Cette dernière pièce, « L’autre Tartuffe ou La mère coupable », est bien moins connue que les deux premières, les célèbres Barbier de Séville et Mariage de Figaro. En atteste que sur CL seuls ces derniers titres sont critiqués !

Cette troisième pièce, la dernière qui met en scène le sémillant et habile Figaro, est d’un ton différent de ses illustres devancières. Autant les deux premières étaient pleines d’entrain et d’humour, autant celle-ci est plus sombre et l’humour moins présent. C’est carrément une pièce d’une veine différente. Figaro y est moins omniprésent, même s’il résout tout à la fin, en sauveur plus sagace que les autres.
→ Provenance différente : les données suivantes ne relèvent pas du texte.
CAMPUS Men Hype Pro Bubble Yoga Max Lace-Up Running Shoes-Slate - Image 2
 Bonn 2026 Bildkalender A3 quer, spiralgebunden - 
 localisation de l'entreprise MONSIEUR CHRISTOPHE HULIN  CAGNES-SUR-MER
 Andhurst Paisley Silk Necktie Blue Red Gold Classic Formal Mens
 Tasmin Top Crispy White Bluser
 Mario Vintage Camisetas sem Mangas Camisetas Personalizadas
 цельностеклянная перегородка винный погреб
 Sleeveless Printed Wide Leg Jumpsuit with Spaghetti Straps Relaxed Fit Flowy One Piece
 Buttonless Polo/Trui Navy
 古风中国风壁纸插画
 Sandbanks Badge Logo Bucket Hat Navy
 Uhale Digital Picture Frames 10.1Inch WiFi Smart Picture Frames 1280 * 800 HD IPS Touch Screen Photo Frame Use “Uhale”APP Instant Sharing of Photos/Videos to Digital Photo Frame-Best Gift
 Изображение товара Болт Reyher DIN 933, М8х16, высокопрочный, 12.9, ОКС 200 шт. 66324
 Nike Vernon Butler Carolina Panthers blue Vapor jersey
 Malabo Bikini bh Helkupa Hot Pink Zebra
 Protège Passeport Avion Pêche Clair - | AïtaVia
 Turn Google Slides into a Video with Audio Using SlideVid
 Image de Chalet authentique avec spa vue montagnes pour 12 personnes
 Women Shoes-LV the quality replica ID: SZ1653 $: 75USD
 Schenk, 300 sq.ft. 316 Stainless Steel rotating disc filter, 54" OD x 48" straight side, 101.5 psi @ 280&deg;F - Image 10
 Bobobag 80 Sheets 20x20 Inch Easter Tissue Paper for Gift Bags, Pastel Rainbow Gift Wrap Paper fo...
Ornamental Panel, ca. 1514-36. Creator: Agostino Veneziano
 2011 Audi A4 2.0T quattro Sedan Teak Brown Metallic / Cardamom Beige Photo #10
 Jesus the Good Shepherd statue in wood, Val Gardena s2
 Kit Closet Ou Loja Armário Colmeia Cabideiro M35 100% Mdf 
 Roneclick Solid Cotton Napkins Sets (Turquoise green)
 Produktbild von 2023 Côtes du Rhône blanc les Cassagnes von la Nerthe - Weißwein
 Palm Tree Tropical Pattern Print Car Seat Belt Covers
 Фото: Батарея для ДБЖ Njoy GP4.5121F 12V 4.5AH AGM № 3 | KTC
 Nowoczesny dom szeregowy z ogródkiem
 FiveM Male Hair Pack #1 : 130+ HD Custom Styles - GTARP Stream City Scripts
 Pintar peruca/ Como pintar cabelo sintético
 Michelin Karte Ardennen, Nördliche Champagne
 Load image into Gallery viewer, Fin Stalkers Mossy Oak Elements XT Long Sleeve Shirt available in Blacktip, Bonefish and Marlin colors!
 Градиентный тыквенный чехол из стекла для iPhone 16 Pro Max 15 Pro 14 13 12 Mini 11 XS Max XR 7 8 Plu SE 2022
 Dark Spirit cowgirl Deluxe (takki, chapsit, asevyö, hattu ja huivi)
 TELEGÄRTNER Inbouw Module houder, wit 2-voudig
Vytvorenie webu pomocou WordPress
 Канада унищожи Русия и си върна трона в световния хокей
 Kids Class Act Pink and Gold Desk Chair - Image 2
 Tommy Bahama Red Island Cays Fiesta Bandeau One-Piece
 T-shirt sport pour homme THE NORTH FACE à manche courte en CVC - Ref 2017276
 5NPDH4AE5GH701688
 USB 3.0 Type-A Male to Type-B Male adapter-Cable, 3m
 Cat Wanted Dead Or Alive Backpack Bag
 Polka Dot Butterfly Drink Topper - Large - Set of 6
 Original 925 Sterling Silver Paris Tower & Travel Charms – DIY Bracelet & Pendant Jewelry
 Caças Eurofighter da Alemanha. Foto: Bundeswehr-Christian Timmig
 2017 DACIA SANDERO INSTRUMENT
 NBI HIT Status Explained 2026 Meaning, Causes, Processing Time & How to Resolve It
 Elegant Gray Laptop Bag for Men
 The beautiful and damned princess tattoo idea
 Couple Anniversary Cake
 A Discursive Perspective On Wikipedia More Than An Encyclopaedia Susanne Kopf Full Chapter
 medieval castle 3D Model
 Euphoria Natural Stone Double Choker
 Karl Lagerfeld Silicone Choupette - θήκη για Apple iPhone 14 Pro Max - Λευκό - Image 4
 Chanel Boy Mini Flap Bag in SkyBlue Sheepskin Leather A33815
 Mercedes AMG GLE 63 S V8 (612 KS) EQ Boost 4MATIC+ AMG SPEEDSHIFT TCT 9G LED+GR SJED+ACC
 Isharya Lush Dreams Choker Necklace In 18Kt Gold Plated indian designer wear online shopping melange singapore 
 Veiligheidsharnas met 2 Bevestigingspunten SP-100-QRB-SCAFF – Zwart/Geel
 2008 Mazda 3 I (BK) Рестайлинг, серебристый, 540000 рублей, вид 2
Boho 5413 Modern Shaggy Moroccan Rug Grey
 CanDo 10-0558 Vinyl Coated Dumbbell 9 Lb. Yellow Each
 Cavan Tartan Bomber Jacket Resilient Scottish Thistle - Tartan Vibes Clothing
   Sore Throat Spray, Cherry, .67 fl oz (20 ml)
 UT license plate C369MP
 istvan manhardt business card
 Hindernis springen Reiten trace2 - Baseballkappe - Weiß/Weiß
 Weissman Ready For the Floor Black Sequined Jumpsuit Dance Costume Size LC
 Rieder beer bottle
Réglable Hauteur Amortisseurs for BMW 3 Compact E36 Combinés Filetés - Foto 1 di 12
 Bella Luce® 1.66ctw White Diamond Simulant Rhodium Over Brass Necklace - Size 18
En fait, une grande part de la pièce a pour pivot le personnage de Bégearss, qui est l’anagramme de Bergasse, un avocat contre qui Beaumarchais a bataillé dans les prétoires judiciaires, et contre lequel il a dû lui en rester une dent pour en reprendre le nom transformé et l’attribuer au « méchant » de la pièce et s’en venger ainsi symboliquement. Donc, c’est cet infâme Bégearss qui fait tourner l’action en dupant le comte Almaviva et sa famille. Heureusement, Figaro veille ! L’honneur (et la fortune) de la famille est sauf, donc la morale.

Ce n’est plus vraiment une comédie, mais plutôt une sorte de drame à suspense. Les dialogues entre les personnages sont plus étoffés, il y a beaucoup moins de réparties, c’est un autre fond et un autre style, loin de ce qui a fait la gloire de Beaumarchais. C’est une pièce qui n’a eu finalement que peu de succès et peu de représentations et n’est pas restée à la postérité.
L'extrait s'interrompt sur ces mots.